Take the lines in the listing below from the line with "Autumn Florals by Deborrah Henry" up to and including the line with "Un adorabile cane" and set them down exactly, skipping pictures and adding nothing.

*** Opening of The data ***

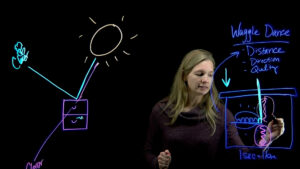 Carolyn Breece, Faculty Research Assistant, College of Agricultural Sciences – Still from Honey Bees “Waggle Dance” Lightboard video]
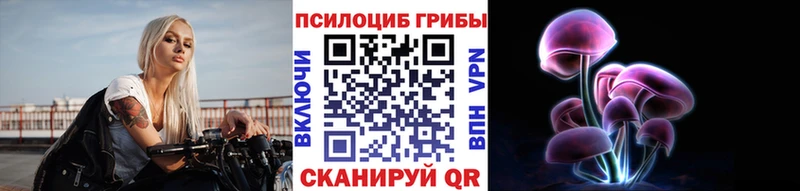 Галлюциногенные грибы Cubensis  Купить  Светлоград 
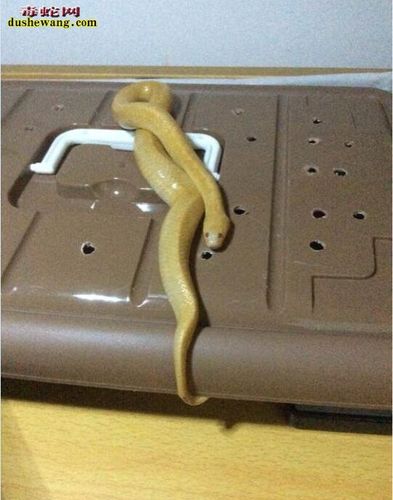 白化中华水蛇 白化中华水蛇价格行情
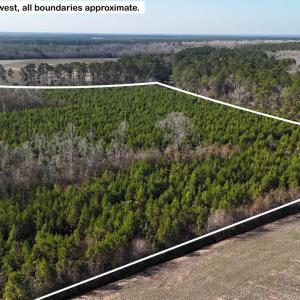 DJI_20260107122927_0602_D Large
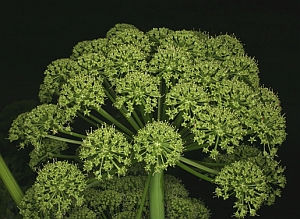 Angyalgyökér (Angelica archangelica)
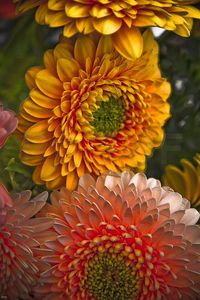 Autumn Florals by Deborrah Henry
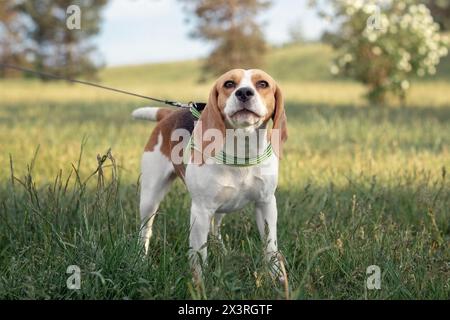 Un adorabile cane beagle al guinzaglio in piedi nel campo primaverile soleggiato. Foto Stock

*** Close of The data ***
*** Opening of The data ***

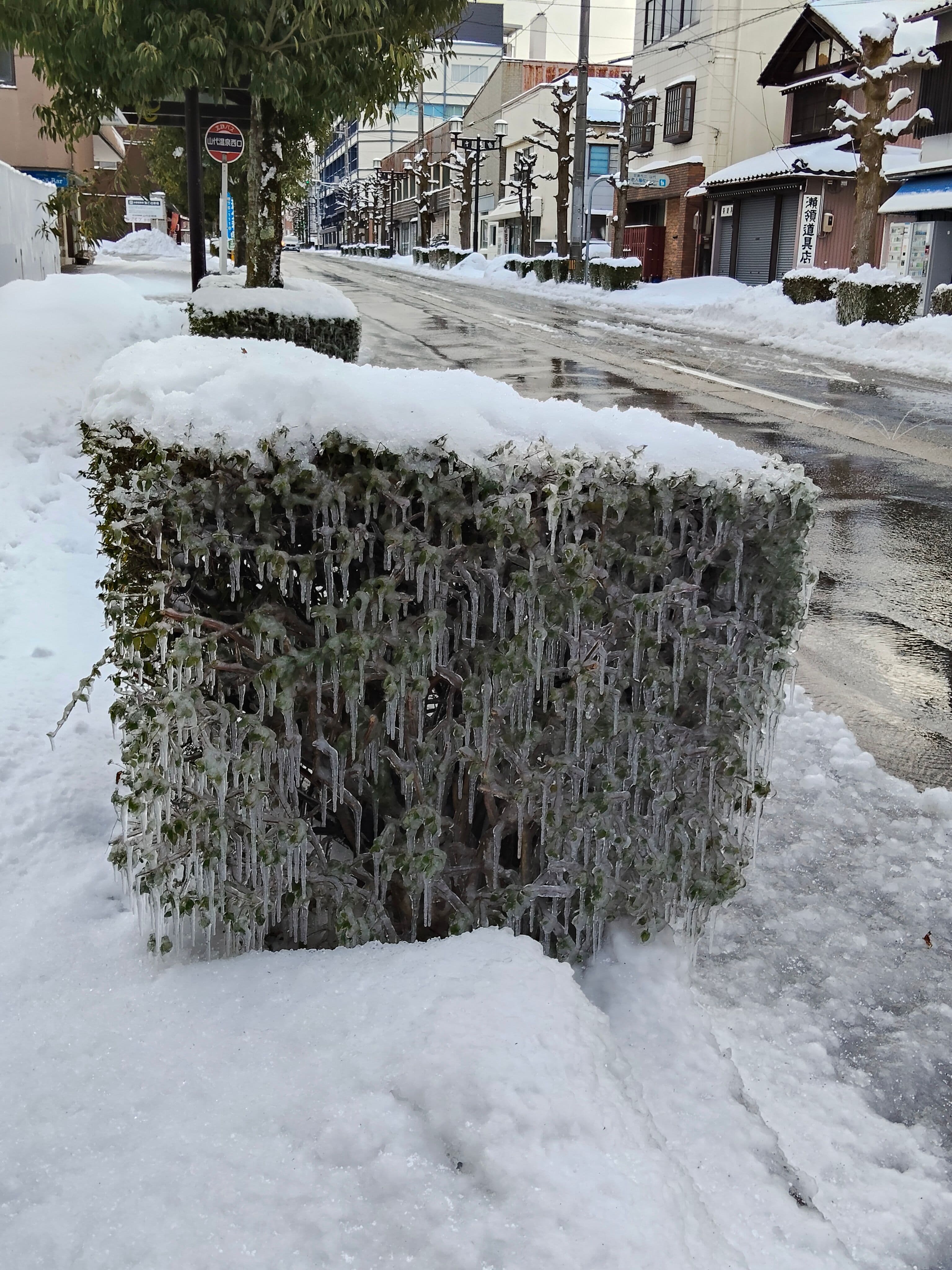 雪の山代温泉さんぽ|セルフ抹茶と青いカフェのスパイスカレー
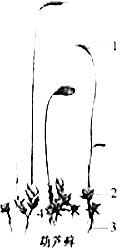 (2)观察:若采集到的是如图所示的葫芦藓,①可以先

*** Close of The data ***
*** Opening of The data ***

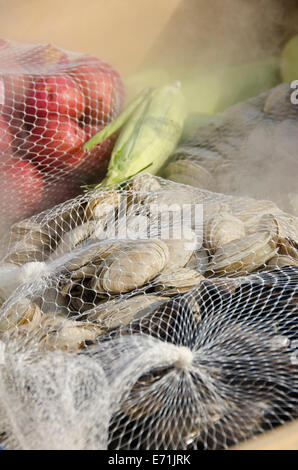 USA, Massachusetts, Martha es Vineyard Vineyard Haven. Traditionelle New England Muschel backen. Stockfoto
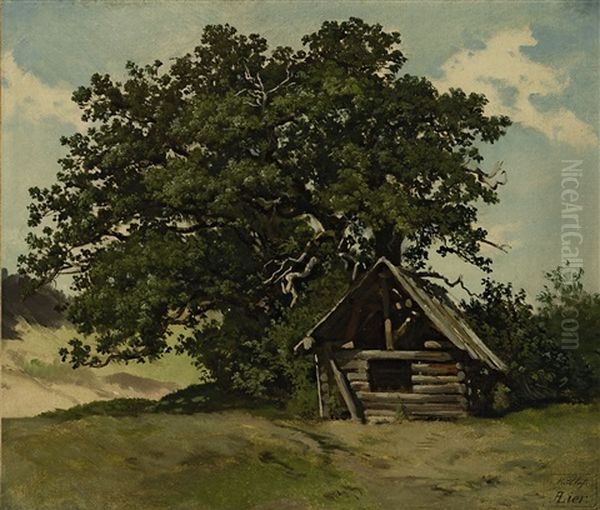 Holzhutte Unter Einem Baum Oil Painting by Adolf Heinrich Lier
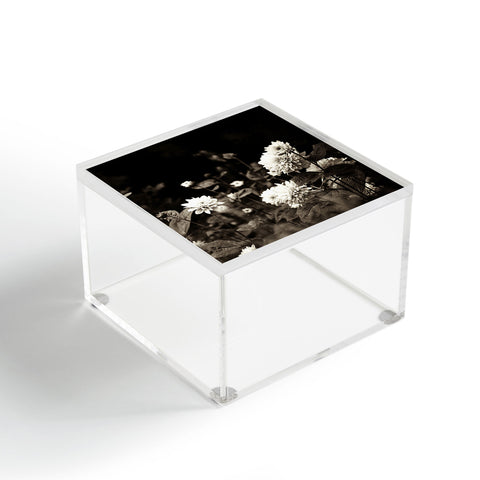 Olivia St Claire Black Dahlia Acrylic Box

*** Close of The data ***

- Exercise solution:
 Autumn Florals by Deborrah Henry
 Un adorabile cane beagle al guinzaglio in piedi nel campo primaverile soleggiato. Foto Stock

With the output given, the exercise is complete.